April 6, 2020

"We were at once recipients of and contributors to the joy of witnessing the sudden appearance of creatures none of us had foreseen, but which we ourselves had nonetheless created."

Said the Surrealist poet Simone Kahn, quoted in "Explaining Exquisite Corpse, the Surrealist Drawing Game That Just Won’t Die."

It's a game you might want to play, during our long confinement, with all the concern about about our body.

Here are 2 fabulous examples by Man Ray, André Breton, Yves Tanguy, and Max Morise (in 1928):



If you don't know how to do these drawings and don't want to read the linked article, look closely at these images and see where the paper folds are.
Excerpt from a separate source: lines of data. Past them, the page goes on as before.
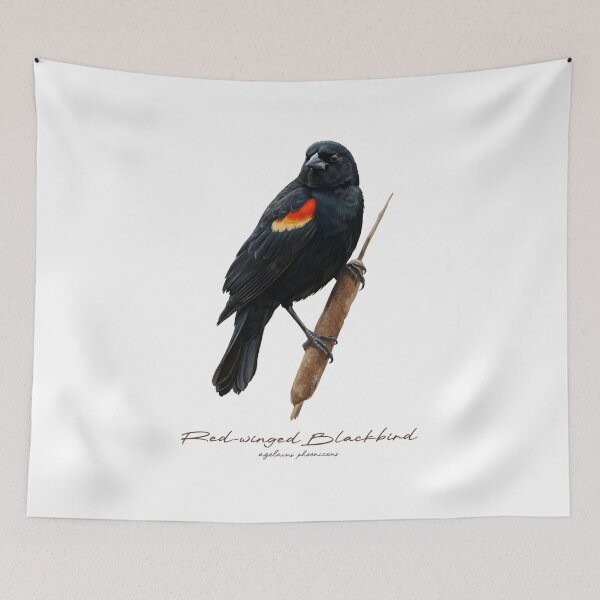 Item preview, Red-winged Blackbird on Cattail designed and sold by Takeda-art.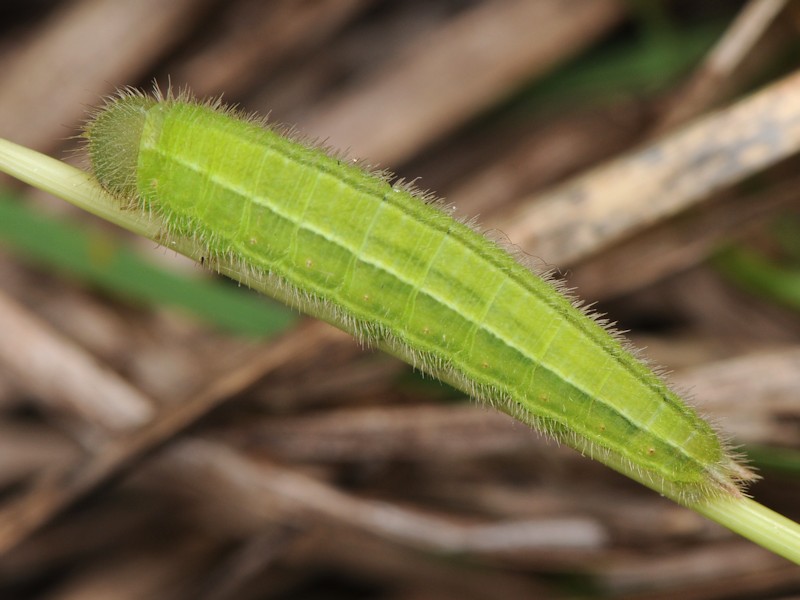 uhm...larva Satyrinae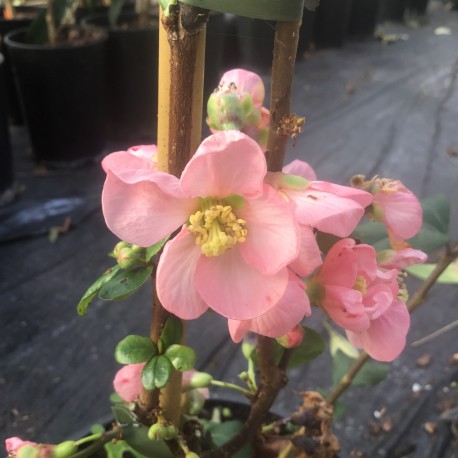 Chaenomeles x superba Pink Lady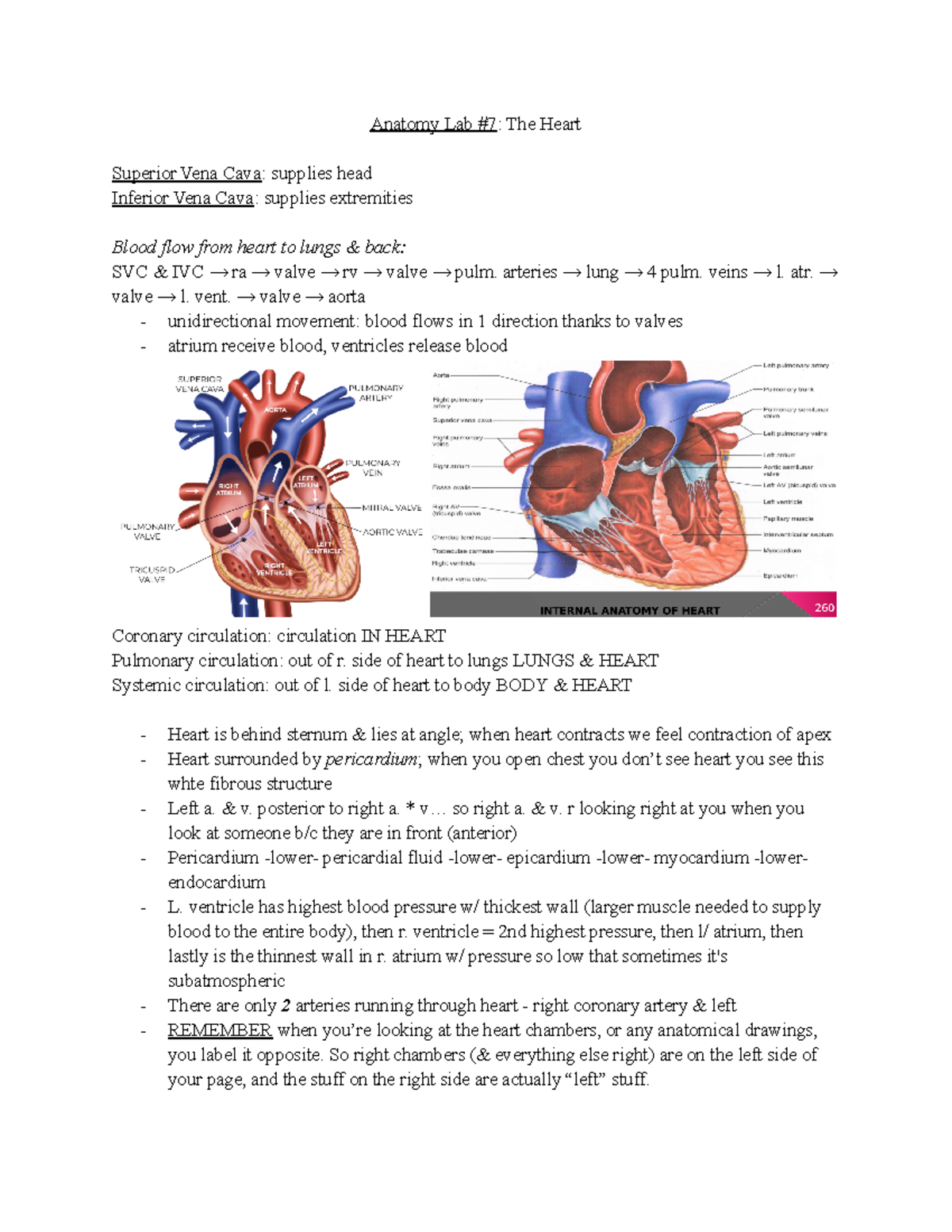 PHSC2302 Anatomy Lab #7 - Anatomy Lab #7: The Heart Superior Vena Cava ...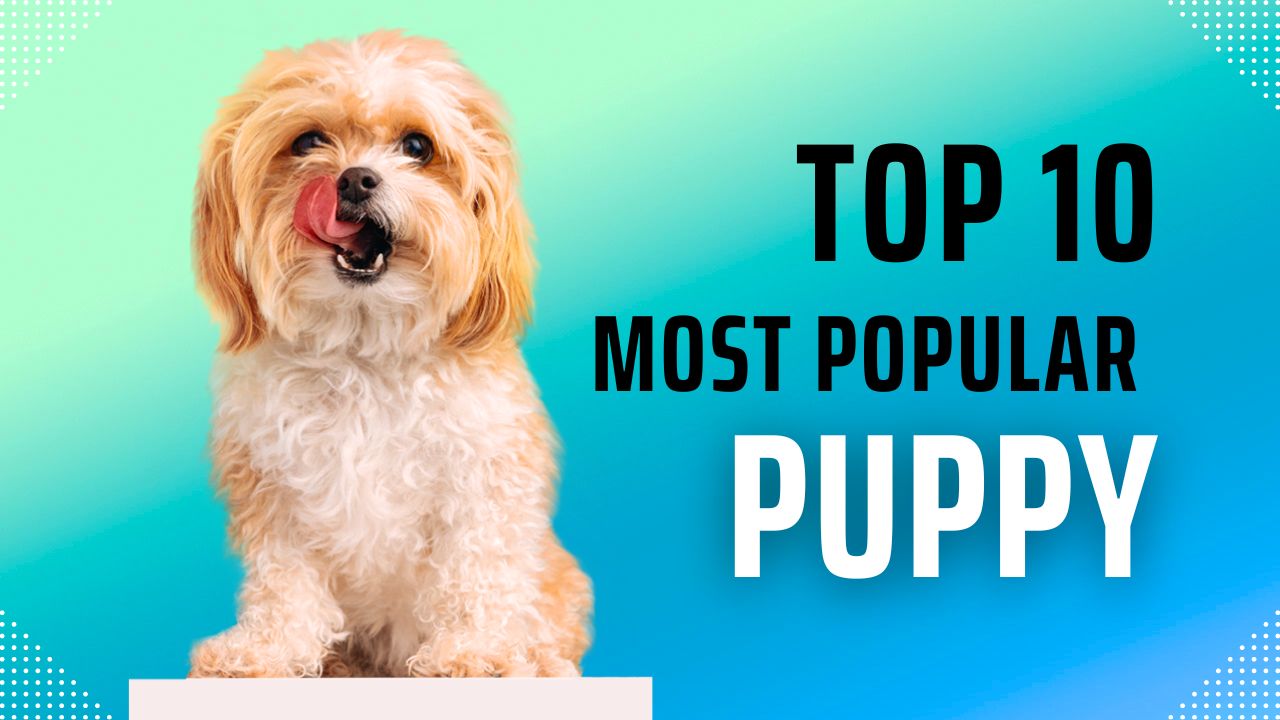 What is the 10 most popular dog breed in the United States?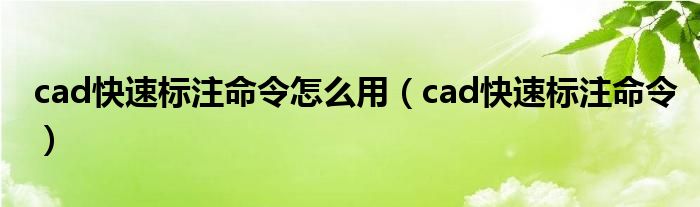 cad快速标注命令怎么用（cad快速标注命令）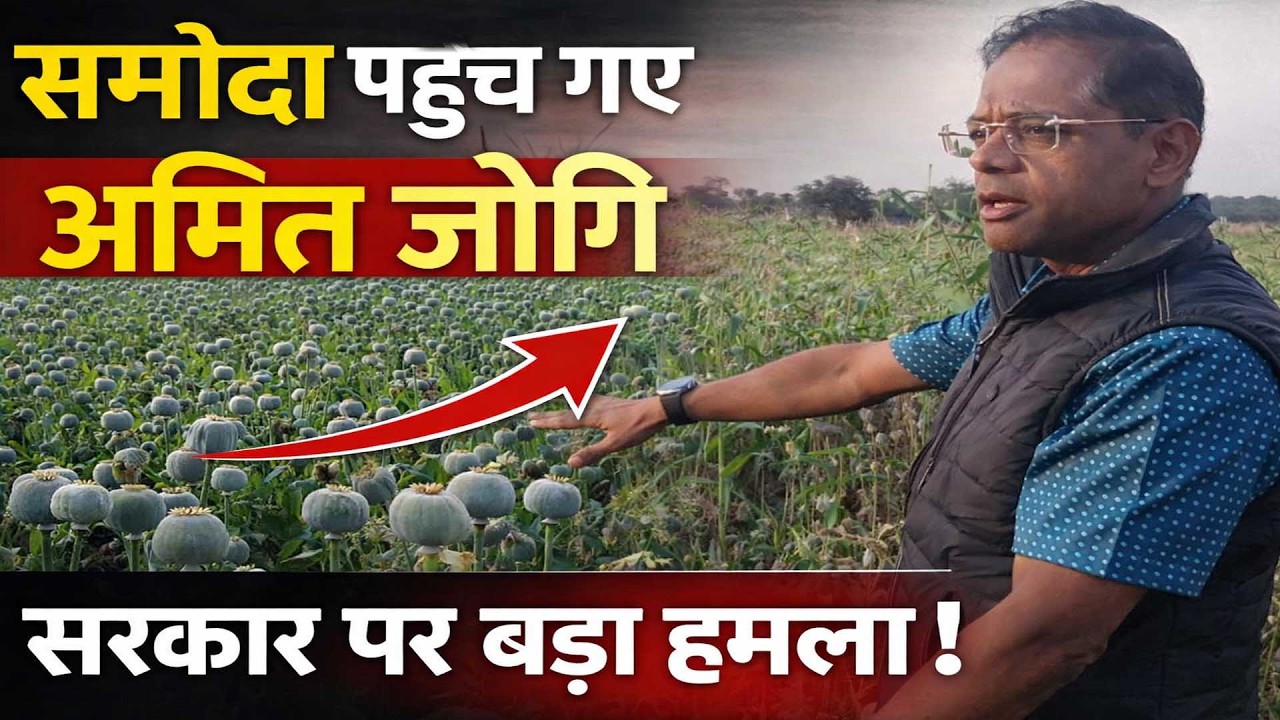 दुर्ग के समोदा में अफीम की खेती से हड़कंप | मौके पर पहुंचे अमित जोगी, सरकार-प्रशासन पर उठाए सवाल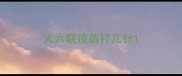 犬六联疫苗打几针
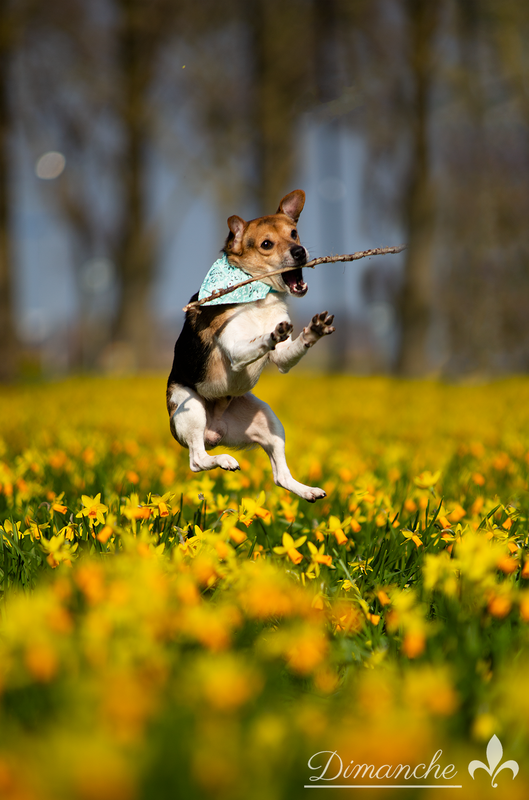 Voor Honden, Katten en overige Dieren.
One person begins the drawing, then makes a fold that reveals only the ends of his lines, the next draws from there and makes the next fold, etc.

6 comments:

rcocean said...

There's some real talent there. I can draw stick men, that's about it.

Howard said...

It's the picture version of the game telephone

Rick.T. said...

Philistine that I am, my first thought was Mad magazine.

Narr said...

NPR used to have a commentator named Andrei Codrescu, editor of a magazine called Exquisite Corpse. Wonderful Romanian-New Orleans accent IIRC.

I didn't know the history of the phrase.

Narr
Still learning

JMW Turner said...

There's something surreal about all of this.

Ann Althouse said...

“ NPR used to have a commentator named Andrei Codrescu,..”

Yeah, I liked him a lot.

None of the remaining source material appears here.